La clé, c’est la lecture

Il est possible d’instaurer une « culture de l’écrit » sans bouleverser complètement les programmes actuels

L’auteure réagit à l’éditorial de Pascale Breton, « L’après-réforme », publié le 10 février.

Oui, il faut éviter un autre « grand bouleversement » en éducation et oui, la lecture est la clé pour ouvrir à des changements bénéfiques en éducation.

Aujourd’hui, on situe la lecture dans le cadre de la littératie pour indiquer un « état lettré » qui inclut des connaissances sur la langue et sur le monde, des « compétences » résultant de la pratique de l’écrit, mais aussi une participation à la « culture de l’écrit ». C’est cette littératie qui est mesurée par les grandes enquêtes internationales et qui est considérée comme un indice de développement des sociétés. On ne se trompe donc pas en misant sur cet objectif.

Chose intéressante concernant la lecture, depuis la parution, en 2000, du rapport du National Reading Panel, on peut affirmer qu’il y a consensus sur son enseignement, consensus découlant de milliers de recherches menées sur plus de 40 ans et qui établissent cinq dimensions d’un enseignement efficace.
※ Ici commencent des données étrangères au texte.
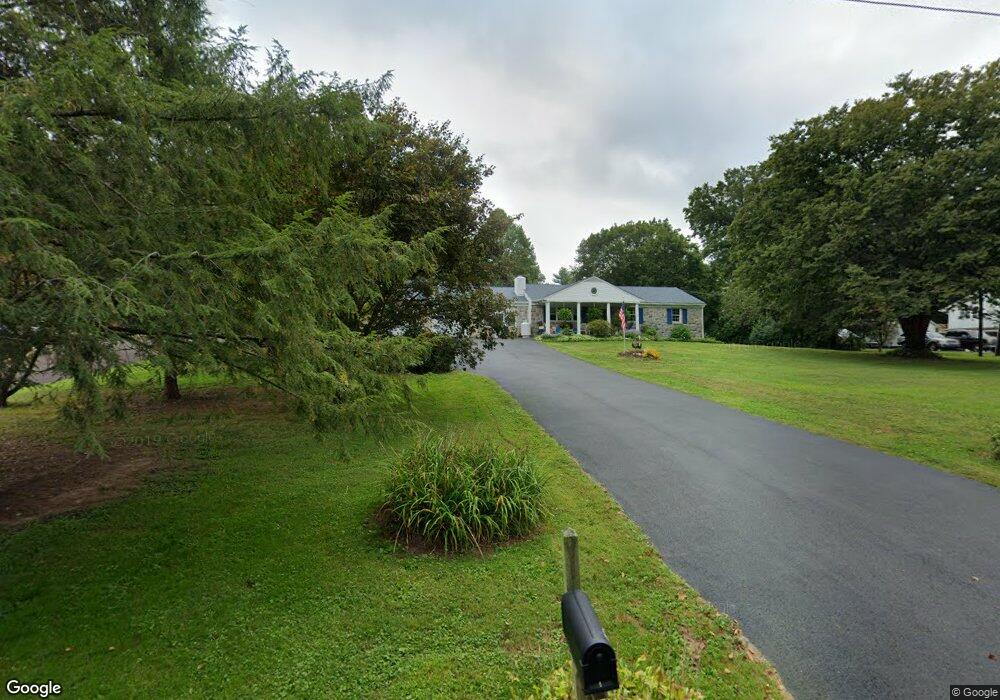 47 Halteman Rd, Pottstown, PA 19465 - photo 1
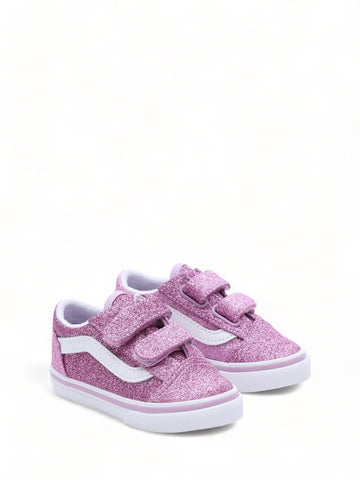 Sneakers Bambina - Rosa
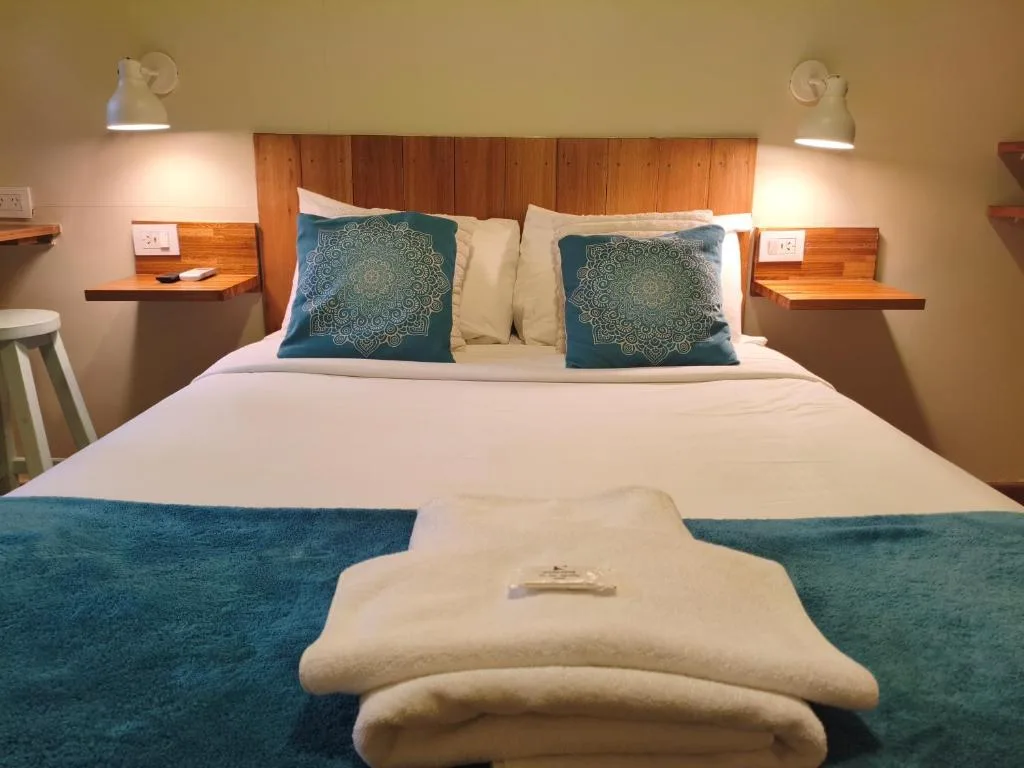 Posada de las Aguilas Hotel Boutique — 5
D’un côté, il faut assurer les bases. La conscience des phonèmes (les « sons ») et la connaissance des lettres de l’alphabet (1) ; la compréhension du principe alphabétique, c’est-à-dire la combinaison de lettres qui permettent de transcrire ces phonèmes dans les mots écrits (2) ; la fluidité qui résulte d’une pratique abondante de la lecture de base pour automatiser les processus (3). Ces trois aspects doivent être travaillés en priorité au début de la scolarité pour assurer des bases solides.
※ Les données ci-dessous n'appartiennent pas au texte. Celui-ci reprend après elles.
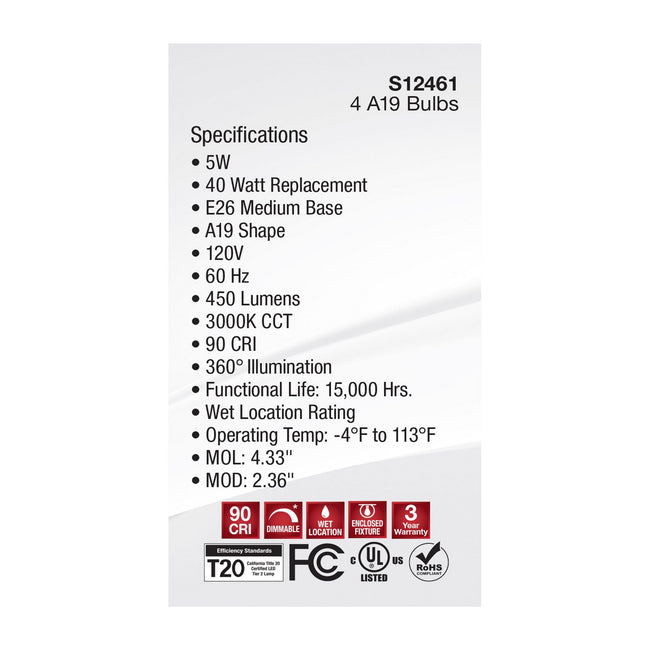 Satco-S12461|ALT|4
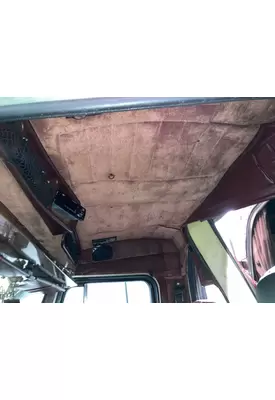 Peterbilt 379 Headliner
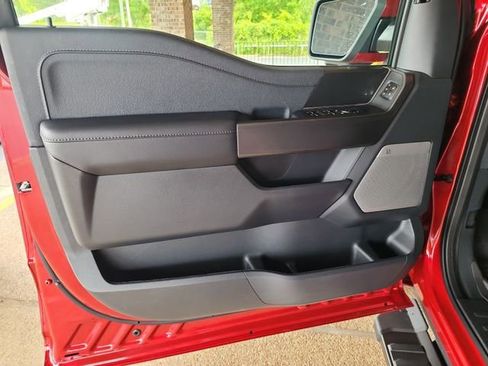 New 2025 Ford F150 Lariat w/ Equipment Group 501A Mid image 9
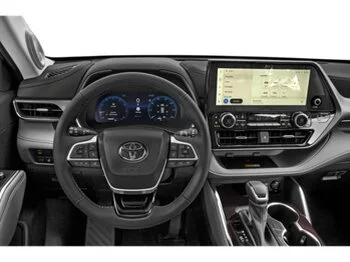 Toyota Highlander Limitée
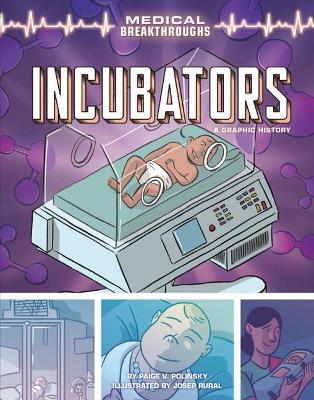 Book cover for Incubators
Les deux dimensions suivantes s’enseignent aussi dès le départ, mais se poursuivent tout au long de la scolarité. Il s’agit de l’enseignement du vocabulaire qui se développe par les lectures dans la classe de français, mais également dans toutes les matières enseignées à l’école (4) ; et de « stratégies » de compréhension qui permettent de lire des textes plus complexes que l’on retrouve dans l’enseignement de toutes les disciplines (5).
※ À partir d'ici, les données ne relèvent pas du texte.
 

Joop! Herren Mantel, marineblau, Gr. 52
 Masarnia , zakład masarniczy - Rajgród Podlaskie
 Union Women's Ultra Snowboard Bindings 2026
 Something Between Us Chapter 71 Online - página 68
Il ne serait pas nécessaire de bouleverser complètement les programmes actuels pour introduire ces éléments. Peut-être qu’il y aurait plus à insister au début du primaire, mais autrement, il suffirait de relier davantage les connaissances déjà présentes dans toutes les disciplines et de les mettre en relation avec la « compétence » à lire, de sorte qu’enseigner toutes les disciplines contribuerait à développer la littératie chez les élèves.

Ceci nous permettrait également de sortir de ce débat sans fond qui oppose compétences à connaissances.

Pour ce qui est de la formation des enseignants, c’est un sujet qu’il ne faudrait pas aborder « au passage », mais en profondeur. Les difficultés en français des jeunes enseignants ne peuvent être imputées à la présente réforme ; elles indiquent au contraire que cette dernière n’est que le prolongement d’une approche instaurée dans les années 80, approche où on accorde plus d’importance à la communication qu’à la justesse de la langue.

C’est dans ce contexte qu’on a trop mis l’accent sur les aspects pédagogiques comme la « gestion de classe », en minimisant l’apprentissage de la langue et des différentes disciplines enseignées. Des efforts sont faits depuis quelques années dans les universités pour améliorer la situation et un virage vers la littératie soutiendrait ce mouvement puisque la littératie, c’est à la fois la maîtrise de la langue écrite et l’acquisition des connaissances nécessaires pour s’inscrire dans une culture de l’écrit.